## Records for the exercise
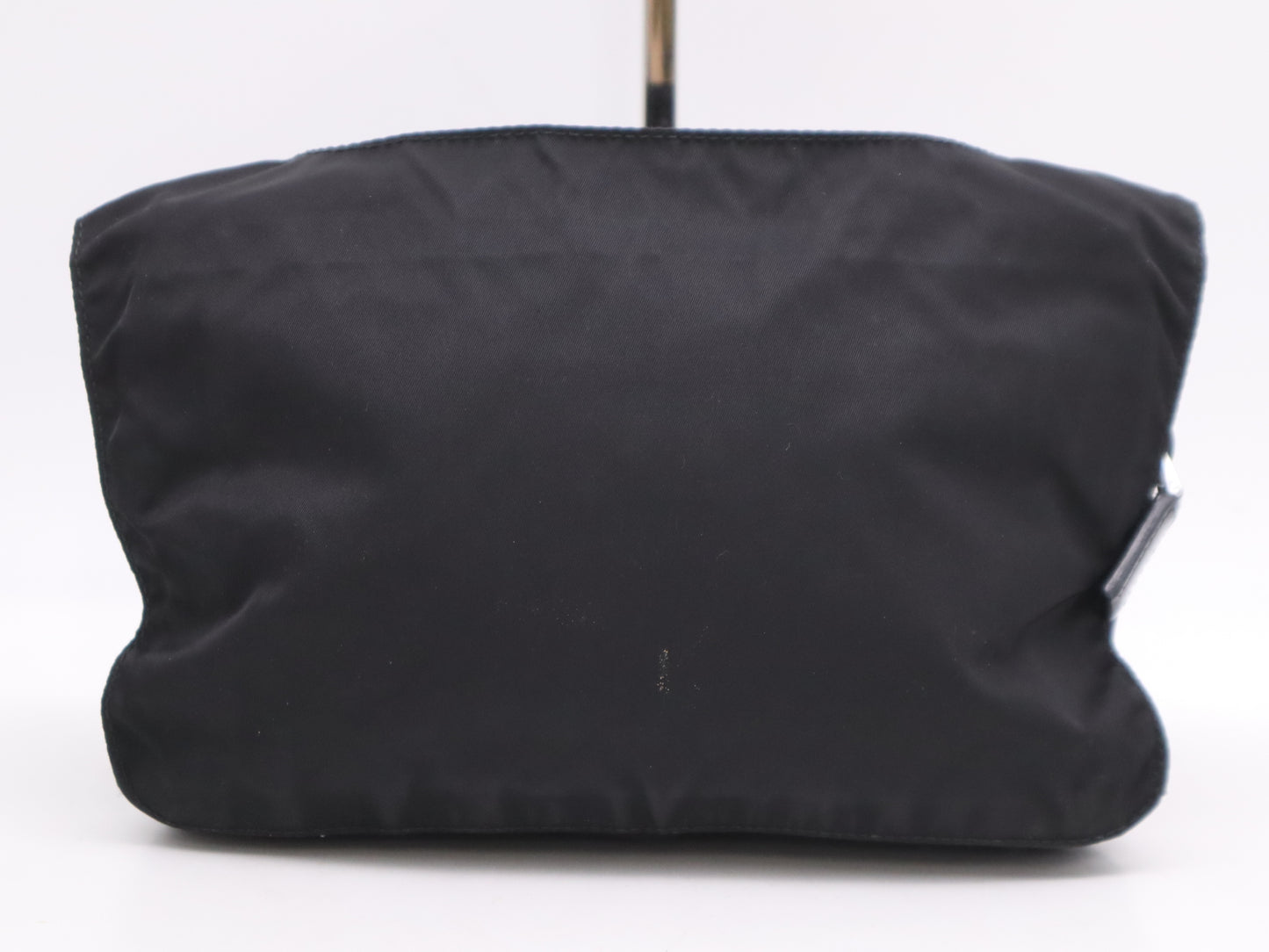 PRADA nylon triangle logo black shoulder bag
...
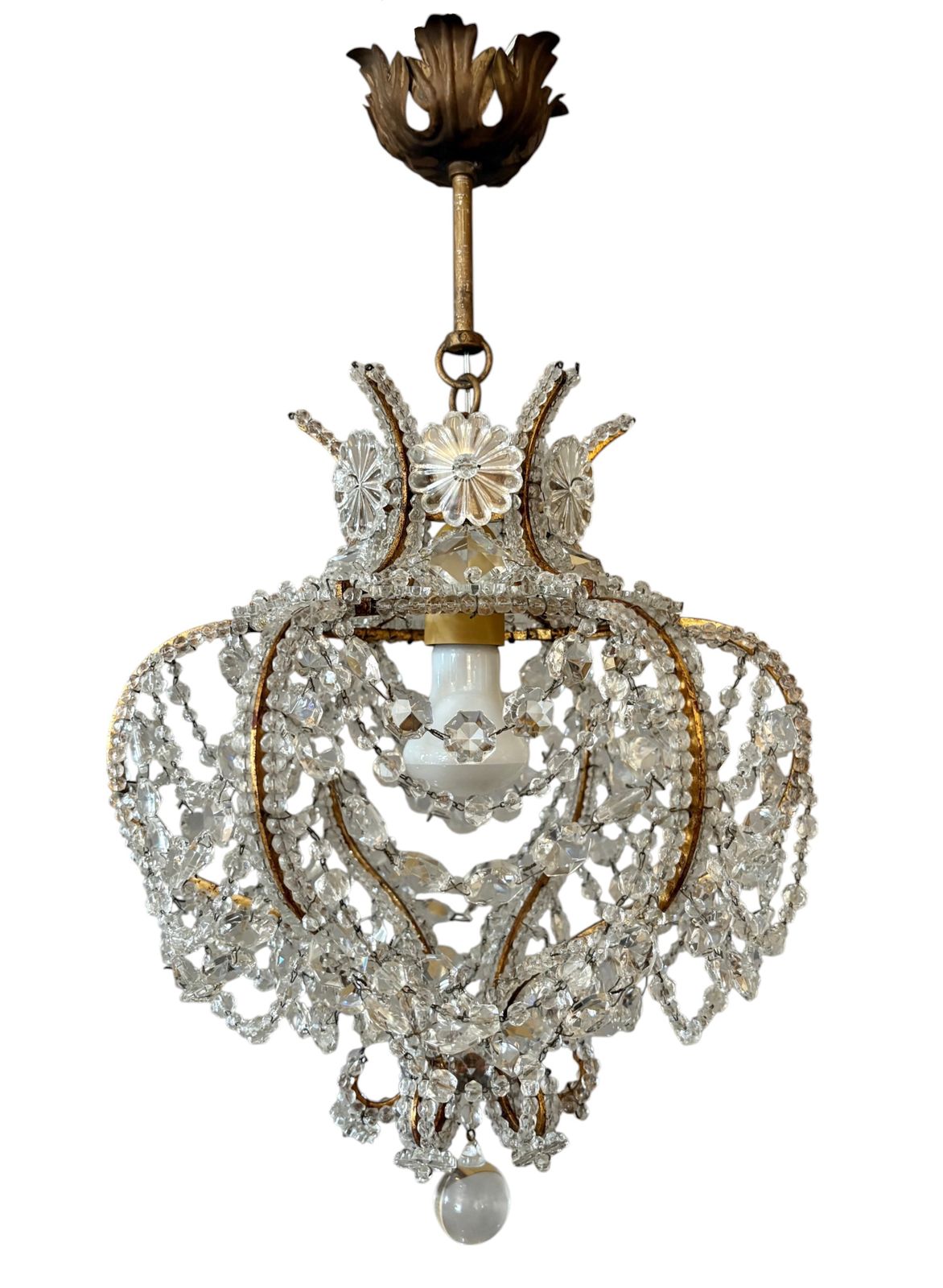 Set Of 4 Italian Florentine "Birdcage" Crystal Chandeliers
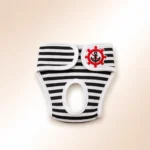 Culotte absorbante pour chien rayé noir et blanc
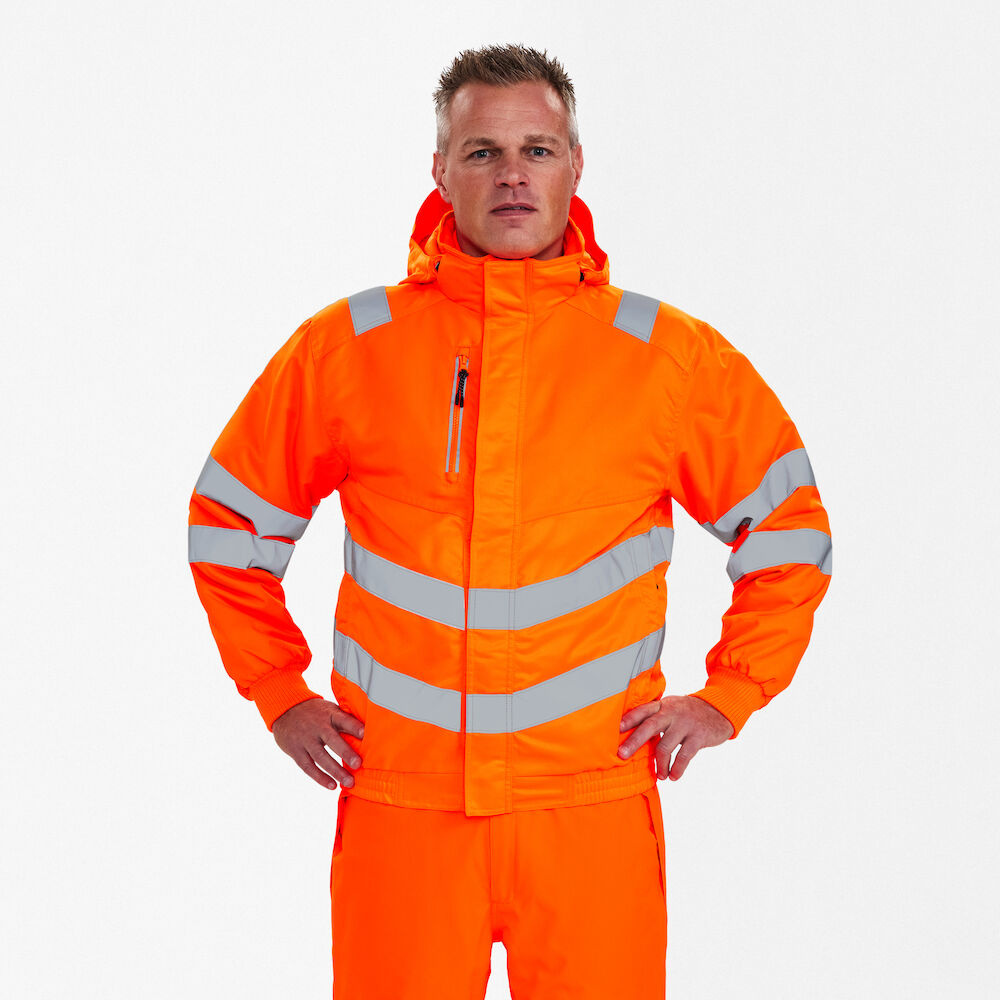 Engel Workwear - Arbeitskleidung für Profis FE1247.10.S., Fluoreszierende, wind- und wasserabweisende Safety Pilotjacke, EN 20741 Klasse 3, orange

## What you are asked to do
From the records above, quote word for word only the lines beginning at the line that has "Set Of 4 Italian" and stopping after the line that has "Engel Workwear - Arbeitskleidung". Omit the pictures.

## Response below
 Set Of 4 Italian Florentine "Birdcage" Crystal Chandeliers
 Culotte absorbante pour chien rayé noir et blanc
 Engel Workwear - Arbeitskleidung für Profis FE1247.10.S., Fluoreszierende, wind- und wasserabweisende Safety Pilotjacke, EN 20741 Klasse 3, orange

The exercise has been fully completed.